HUMAN EXPOSURE TO ETHYLENE OXIDE (EtO) occurs mainly through inhalation of polluted air (1,2) in occupational workplaces and/or via tobacco smoke. (3) EtO is also produced within the human body as a metabolic activation product of ethylene, (4) which is a common urban air pollutant (5,6) and a component of the gaseous phase of tobacco smoke. (3) Epidemiological studies in occupationally EtO-exposed humans have shown that this epoxide represents a definite risk factor for leukemia and a possible risk factor for solid tumors. These risks represent 1 component of the overall carcinogenic risk to humans of tobacco smoke (both active and passive). (6-9)

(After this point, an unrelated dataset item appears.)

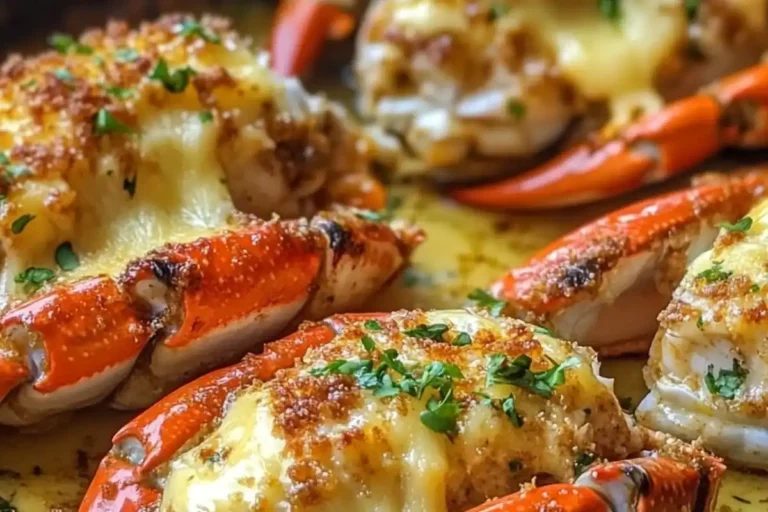 Baked Stuffed Crab Claws with Garlic Butter & Cheese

EtO is an electrophilic compound that reacts easily with deoxyribonucleic acid (DNA) and proteins, without metabolic activation. (10,11) The major reaction product in DNA is N-7(2-hydroxyethyl)guanine, and major reactive sites in hemoglobin are cysteine, histidine, and in particular N-terminal valine. (12) The molecular adduct of EtO with valine, namely N-(2-hydroxyethyl)valine (HOEtVal), represents a biological effective dose marker for EtO arising from both direct intake and the metabolization of ethylene. (13-16)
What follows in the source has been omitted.